There was a humbler reading of all this, and the more careful researchers held onto it even as the scoreboards lit up. The reasoning models were not thinking in any sense a philosopher would sign off on. They were generating text, still, one token at a time, and the chain of thought was itself just more generated text, a performance of reasoning that happened to correlate, often, with correct answers. No one could fully explain why training a model to ramble toward an answer made the answer better, only that it reliably did. The aha moment in the DeepSeek paper was a real pattern in the output, and it was also a phrase a human had chosen to put on a graph. The single-digit scores on the harder abstraction test were a reminder that whatever the models were doing, it was not yet the fluid, sample-efficient generalization that lets a child learn a new rule from one example.

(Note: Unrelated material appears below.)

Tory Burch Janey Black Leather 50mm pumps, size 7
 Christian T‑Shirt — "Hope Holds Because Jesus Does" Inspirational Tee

Gary Marcus, who had spent years insisting that deep learning could not reason, found in the o3 walk-back fresh ammunition; the boosters found in the o3 preview fresh proof he was wrong. The honest answer was that both had a point, and that the question of whether these systems reasoned, or only convincingly imitated reasoning, was no longer obviously answerable, because the imitation had gotten good enough that the distinction had begun to lose its grip.

What was not in doubt was the commercial consequence, and it arrived fastest in the one domain where reasoning could be checked instantly and at scale: software. Code either runs or it does not. A model that could plan, try, fail, and correct, that could hold a multi-step problem in view long enough to work it through, turned out to be exactly the kind of model that could write a program, notice the program was broken, and fix it. The benchmark the labs began to obsess over was SWE-bench Verified, a set of real bug reports drawn from open-source software, where the model had to produce a patch that made the actual tests pass. In the autumn of 2024 the best systems solved roughly a third of the problems. Within a year that figure would climb past three-quarters, and then past eighty percent, and the reasoning that had been demonstrated on contrived puzzles about colored grids would be quietly absorbed into the daily work of millions of programmers. The machines had learned to stop and think, and the first thing the world asked them to think about was how to build more machines.